On April 11, 2016, the Company entered into and consummated an Agreement and Plan of Merger (the “Merger Agreement”), with LAT Acquisition Corp., a Nevada corporation and wholly-owned subsidiary of the Company (“Acquisition”) and LAT Pharma, LLC an Illinois limited liability company (“LAT”). Pursuant to the terms of the Merger Agreement, Acquisition merged with and into LAT in a statutory triangular merger (the “Merger”) with LAT surviving as a wholly-owned subsidiary of the Company. As consideration for the Merger, the Company issued the interest holders of LAT (the “LAT Holders”) an aggregate of 39,820,000 shares of our Common Stock issued to the LAT Holders in accordance with their pro rata ownership of LAT membership interests prior to the Merger. Following the Merger, the Registrant owns 100% of LAT and will continue the development of LAT’s lead clinical therapeutic CIP Terlipressin Technology.

 

Immediately prior to the Merger, the Company had 87,210,000 shares of Common Stock issued and outstanding. In connection with the Merger, certain shareholders of the Company collectively agreed to retire and cancel an aggregate of 39,820,000 shares of Common Stock. Following the consummation of the Merger, the issuance of the Merger Shares, and the retirement of the 39,820,000 shares of Common Stock, the Company had 87,210,000 shares of Common Stock issued and outstanding and the LAT Holders beneficially own 39,820,000 shares or approximately forty-six percent (46%) of such issued and outstanding Common Stock.

 

Under the acquisition method of accounting, the transaction was valued for accounting purposes at $2,389,200, which was the estimated fair value of the consideration paid by the Company.
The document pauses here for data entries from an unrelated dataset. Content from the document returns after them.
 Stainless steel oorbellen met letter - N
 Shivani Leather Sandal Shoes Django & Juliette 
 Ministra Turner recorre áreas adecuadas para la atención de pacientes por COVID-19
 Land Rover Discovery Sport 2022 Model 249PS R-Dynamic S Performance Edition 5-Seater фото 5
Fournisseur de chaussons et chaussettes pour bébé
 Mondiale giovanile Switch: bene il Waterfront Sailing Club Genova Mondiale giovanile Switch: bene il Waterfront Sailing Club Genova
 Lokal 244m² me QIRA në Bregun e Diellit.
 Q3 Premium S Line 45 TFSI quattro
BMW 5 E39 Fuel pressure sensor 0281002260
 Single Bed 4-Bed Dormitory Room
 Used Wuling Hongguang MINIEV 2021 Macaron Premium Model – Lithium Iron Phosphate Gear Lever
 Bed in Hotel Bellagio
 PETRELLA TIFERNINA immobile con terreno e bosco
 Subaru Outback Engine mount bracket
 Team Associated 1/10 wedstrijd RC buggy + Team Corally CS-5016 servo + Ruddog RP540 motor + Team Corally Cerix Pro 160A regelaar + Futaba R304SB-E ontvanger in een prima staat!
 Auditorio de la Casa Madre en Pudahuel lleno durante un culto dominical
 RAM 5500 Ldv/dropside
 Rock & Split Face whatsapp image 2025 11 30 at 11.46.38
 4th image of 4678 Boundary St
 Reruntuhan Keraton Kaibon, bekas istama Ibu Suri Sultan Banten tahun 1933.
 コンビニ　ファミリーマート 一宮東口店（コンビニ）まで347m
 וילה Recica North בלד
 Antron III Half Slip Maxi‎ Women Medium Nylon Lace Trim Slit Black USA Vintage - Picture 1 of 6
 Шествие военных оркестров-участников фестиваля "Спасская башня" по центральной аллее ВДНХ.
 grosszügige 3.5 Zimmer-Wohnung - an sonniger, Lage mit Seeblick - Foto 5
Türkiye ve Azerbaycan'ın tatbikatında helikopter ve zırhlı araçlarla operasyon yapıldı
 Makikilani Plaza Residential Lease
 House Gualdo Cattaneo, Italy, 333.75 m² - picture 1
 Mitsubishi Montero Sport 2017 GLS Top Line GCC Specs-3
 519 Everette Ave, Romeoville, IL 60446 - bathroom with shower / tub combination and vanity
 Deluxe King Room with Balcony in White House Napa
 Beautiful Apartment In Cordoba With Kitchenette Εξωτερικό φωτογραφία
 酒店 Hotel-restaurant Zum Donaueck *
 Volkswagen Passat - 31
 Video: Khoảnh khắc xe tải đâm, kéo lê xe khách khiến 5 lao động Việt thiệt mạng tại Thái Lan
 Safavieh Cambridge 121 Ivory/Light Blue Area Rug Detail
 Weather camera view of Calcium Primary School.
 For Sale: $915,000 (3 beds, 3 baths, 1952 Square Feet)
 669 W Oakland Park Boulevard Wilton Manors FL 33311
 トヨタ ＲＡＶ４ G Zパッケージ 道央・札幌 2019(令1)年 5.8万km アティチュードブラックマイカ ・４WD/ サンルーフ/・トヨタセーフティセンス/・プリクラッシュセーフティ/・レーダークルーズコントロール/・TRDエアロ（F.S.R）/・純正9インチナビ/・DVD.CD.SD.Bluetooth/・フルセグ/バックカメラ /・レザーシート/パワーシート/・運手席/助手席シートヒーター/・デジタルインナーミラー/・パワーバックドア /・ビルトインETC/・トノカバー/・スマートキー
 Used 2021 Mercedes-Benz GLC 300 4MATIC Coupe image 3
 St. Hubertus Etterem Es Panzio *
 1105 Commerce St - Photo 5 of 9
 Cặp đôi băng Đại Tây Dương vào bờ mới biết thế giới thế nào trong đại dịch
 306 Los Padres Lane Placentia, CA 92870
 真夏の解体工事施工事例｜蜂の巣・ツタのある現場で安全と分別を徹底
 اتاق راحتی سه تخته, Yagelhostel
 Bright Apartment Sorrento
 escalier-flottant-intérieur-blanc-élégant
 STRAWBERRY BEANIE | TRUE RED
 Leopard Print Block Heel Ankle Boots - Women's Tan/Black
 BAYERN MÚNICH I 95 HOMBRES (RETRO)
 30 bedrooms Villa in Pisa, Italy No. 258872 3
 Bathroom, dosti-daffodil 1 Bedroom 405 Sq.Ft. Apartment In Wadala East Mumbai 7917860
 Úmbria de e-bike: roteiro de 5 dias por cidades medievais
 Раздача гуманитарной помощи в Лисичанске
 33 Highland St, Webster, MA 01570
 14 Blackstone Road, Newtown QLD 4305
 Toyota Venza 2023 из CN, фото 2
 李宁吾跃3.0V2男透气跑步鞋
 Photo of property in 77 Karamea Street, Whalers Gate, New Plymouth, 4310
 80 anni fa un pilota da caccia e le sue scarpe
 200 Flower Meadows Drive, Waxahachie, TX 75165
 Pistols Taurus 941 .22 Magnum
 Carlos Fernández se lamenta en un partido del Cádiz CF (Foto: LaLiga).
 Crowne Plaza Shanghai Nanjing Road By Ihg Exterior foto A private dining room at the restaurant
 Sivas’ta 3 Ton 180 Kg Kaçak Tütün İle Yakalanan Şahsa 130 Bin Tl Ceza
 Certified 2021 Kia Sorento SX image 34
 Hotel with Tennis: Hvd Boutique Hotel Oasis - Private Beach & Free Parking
The estimate was based on the consideration paid of 39,820,000 shares of common stock valued based on the closing price on 04/11/2016 of $0.06 per share.

 

The assets and liabilities of LAT Pharma, Inc. were recorded at their respective fair values as of the closing date of the Merger Agreement, and the following table summarizes these values based on the balance sheet at April 11, 2016. 

 

$ 9,912     Assets Purchased
  10,000     Liabilities Assumed
  (88)     Net Assets Purchased
  2,389,200     Purchase Price
$ 2,389,288     Intangible Asset from Purchase

 

Intangible asset detail 

 

$ 2,389,288     Intangible asset (provisional pending final valuation)
$ 2,389,288     Intangible Asset from Purchase

 

Under the 338(h)(10) election, all goodwill and intangibles related to the acquisition of LAT Pharma will be fully deductible for tax purposes.

 

The initial accounting for the business combination has not been completed because the valuation of the intangible assets has not been received.

 

The amount of LAT's revenue and expenses that would be included in the Company's consolidated income statement for the three month’s ended March 31, 2016 if the acquisition date had been January 1, 2016 is $0 revenues and $24,516 expenses.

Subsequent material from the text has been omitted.